Our studies demonstrate that, in the mouse, exposure to exogenous estrogens during testis development permanently alters spermatogenesis in the adult. The nature of the alteration—a reduction in meiotic recombination as assessed by MLH1 levels at pachytene—is interesting for two reasons. First, reducing levels of recombination leads to the failure of some homologs to form a site of exchange, resulting in the robust elimination of spermatocytes [39, 48, 49]. Thus, the reduced recombination evident as both a decrease in MLH1 foci at pachytene and an increased frequency of univalents at MI in exposed males provides mechanistic support for an important tenet of the Estrogen Hypothesis, i.e., that exposure to exogenous estrogens can lead to a reduction in sperm counts.
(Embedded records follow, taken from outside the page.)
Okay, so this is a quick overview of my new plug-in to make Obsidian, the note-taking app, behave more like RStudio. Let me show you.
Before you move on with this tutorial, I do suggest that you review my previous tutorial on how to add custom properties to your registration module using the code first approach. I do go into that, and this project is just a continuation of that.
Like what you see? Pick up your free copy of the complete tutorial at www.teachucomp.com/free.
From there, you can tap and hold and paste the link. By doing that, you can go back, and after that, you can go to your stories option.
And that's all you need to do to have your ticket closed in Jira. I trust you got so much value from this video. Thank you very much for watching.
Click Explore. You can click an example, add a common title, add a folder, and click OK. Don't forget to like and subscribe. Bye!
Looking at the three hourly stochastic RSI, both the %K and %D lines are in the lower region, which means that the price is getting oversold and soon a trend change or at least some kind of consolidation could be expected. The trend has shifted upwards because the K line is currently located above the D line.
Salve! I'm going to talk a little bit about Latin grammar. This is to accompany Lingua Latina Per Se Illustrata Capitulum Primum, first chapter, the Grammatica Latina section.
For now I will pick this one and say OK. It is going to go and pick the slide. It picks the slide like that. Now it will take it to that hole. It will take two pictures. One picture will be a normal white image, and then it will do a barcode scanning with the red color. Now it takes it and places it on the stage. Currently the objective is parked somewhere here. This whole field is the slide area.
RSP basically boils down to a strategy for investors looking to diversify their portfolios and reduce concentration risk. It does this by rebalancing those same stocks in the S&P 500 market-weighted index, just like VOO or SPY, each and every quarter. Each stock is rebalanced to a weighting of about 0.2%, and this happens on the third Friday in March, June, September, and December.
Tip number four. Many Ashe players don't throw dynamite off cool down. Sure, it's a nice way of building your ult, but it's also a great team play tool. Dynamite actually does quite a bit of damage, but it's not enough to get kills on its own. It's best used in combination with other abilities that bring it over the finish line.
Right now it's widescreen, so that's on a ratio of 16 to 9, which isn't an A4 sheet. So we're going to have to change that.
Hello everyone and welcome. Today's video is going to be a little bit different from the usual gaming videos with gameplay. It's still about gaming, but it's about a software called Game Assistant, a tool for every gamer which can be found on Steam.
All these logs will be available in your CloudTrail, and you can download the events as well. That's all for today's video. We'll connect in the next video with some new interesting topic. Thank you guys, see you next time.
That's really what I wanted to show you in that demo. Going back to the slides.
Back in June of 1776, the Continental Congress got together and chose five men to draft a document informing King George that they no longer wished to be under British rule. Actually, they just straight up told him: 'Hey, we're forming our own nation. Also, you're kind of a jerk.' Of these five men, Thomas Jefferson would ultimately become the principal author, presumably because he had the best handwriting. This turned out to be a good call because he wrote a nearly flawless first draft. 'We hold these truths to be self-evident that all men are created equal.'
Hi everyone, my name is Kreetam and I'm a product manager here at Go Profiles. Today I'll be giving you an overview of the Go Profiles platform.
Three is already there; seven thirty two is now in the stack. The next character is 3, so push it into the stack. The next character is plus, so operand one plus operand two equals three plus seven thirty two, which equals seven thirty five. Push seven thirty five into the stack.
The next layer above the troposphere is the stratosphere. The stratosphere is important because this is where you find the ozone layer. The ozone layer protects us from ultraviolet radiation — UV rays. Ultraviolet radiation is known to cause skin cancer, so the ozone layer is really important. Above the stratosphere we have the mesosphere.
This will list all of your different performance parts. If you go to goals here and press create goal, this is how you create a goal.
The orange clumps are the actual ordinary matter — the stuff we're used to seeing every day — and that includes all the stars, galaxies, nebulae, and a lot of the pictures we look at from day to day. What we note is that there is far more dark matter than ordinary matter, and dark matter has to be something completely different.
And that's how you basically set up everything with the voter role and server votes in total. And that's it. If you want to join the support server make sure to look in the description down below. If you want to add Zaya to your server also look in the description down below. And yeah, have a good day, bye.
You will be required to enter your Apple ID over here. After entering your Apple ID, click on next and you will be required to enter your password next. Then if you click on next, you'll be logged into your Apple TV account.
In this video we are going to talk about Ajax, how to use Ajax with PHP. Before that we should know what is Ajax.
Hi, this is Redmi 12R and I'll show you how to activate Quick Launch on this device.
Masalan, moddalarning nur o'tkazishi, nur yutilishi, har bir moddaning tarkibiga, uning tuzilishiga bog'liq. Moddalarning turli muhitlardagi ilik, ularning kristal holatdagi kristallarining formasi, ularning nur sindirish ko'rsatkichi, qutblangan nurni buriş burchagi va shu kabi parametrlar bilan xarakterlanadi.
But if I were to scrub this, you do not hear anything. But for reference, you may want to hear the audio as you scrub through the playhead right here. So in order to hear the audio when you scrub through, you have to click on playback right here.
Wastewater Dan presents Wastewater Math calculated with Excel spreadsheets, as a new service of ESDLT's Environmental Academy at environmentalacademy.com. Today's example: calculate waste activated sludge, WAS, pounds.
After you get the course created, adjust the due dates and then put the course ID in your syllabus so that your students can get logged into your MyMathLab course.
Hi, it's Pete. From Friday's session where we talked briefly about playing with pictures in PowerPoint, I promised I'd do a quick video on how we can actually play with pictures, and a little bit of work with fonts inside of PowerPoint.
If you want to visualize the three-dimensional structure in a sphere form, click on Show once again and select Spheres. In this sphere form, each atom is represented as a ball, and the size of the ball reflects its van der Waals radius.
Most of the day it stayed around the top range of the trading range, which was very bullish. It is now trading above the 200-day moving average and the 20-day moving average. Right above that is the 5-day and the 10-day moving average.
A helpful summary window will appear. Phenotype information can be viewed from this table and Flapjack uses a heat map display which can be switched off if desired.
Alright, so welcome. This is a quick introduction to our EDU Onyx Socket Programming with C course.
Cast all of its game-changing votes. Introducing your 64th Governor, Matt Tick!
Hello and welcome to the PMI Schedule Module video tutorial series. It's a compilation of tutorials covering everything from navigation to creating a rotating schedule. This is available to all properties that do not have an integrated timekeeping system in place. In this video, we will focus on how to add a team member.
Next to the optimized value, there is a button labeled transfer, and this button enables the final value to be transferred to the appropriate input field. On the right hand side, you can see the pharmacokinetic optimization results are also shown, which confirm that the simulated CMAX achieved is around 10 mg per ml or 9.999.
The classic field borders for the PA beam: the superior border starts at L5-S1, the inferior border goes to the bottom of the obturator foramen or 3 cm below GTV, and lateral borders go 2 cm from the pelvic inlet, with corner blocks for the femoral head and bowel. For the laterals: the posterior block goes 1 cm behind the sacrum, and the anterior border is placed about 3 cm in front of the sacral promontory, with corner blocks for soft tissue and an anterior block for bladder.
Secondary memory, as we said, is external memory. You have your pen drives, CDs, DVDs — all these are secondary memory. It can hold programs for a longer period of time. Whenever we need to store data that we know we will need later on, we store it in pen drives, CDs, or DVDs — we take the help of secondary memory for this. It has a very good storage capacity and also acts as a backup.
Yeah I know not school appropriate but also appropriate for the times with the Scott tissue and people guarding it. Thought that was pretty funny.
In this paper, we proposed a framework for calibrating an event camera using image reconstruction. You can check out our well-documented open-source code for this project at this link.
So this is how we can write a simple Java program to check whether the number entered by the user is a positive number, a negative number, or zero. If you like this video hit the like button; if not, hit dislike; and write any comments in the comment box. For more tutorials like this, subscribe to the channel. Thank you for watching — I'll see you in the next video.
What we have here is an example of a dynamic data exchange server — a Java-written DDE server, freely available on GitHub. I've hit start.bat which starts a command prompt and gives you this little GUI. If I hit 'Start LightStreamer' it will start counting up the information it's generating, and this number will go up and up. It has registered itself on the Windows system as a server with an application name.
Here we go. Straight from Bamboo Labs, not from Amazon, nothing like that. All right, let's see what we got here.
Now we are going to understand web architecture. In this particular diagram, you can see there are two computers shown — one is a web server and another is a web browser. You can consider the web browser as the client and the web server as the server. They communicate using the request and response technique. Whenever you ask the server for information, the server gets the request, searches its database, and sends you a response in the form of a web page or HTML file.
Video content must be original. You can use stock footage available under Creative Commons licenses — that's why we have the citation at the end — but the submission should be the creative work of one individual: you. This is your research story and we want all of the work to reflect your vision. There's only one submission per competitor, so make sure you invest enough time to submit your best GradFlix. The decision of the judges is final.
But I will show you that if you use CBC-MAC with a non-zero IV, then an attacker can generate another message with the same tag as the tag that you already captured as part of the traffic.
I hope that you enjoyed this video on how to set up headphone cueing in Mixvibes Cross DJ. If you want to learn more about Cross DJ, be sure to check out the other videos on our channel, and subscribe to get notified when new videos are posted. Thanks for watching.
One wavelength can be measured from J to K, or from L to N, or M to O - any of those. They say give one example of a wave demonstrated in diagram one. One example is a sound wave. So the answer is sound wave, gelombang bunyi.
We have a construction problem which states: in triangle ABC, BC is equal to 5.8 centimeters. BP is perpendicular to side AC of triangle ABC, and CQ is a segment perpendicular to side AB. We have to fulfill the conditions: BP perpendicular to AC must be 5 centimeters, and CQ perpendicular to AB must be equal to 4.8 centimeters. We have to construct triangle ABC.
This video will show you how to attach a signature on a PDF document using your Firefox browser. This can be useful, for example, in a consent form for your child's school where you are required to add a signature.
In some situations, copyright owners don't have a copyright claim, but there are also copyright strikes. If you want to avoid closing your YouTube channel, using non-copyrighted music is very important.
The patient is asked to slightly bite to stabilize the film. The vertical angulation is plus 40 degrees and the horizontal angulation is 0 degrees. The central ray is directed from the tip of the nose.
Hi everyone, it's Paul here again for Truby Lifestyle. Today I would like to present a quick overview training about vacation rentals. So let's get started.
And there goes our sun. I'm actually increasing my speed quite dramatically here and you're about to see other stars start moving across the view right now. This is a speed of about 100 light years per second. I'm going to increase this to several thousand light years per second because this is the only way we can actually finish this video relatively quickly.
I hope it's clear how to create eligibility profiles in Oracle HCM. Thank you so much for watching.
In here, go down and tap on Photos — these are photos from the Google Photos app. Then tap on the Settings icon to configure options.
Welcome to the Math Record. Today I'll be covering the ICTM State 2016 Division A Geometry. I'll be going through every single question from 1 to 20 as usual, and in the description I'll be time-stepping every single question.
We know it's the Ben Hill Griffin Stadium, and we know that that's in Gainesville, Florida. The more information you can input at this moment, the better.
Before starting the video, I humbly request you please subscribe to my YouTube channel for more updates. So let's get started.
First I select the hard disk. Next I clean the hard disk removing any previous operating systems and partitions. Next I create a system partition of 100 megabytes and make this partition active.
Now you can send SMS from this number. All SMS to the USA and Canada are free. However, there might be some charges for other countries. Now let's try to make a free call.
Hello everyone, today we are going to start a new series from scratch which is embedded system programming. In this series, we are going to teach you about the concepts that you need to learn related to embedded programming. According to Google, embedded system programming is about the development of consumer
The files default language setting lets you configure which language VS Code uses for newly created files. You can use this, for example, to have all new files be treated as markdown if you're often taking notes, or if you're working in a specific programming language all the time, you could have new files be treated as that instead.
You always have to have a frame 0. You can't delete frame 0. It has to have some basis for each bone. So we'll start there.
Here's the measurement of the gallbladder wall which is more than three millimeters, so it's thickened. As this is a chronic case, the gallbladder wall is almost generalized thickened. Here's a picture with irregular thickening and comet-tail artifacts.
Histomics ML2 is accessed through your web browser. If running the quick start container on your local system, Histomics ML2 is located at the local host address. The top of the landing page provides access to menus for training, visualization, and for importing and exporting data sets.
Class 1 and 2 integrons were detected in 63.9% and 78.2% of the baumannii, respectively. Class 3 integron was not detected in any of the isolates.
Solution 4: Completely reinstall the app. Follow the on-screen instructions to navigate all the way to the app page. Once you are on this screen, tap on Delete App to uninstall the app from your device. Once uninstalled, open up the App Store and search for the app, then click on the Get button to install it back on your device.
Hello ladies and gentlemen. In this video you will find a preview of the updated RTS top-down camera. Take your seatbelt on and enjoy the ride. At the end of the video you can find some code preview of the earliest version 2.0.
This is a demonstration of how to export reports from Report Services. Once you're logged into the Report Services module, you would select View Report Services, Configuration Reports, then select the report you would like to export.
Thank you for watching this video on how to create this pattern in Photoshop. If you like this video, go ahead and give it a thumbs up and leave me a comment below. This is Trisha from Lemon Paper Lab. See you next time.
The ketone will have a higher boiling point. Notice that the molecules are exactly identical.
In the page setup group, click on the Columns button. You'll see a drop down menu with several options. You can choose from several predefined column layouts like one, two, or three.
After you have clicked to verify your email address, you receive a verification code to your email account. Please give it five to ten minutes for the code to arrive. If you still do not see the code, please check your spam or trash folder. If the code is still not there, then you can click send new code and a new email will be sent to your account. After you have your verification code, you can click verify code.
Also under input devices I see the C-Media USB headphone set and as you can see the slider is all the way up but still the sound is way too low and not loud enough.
Second, the fact that the recombination phenotype persists when germ cells are transplanted to an unexposed testicular environment suggests that estrogenic exposures induce permanent changes to the SSCs of the developing testis. Importantly, the finding that changes induced in SSCs during testis development influence recombination levels in the adult provides new insight to the setting of meiotic recombination levels in mammals.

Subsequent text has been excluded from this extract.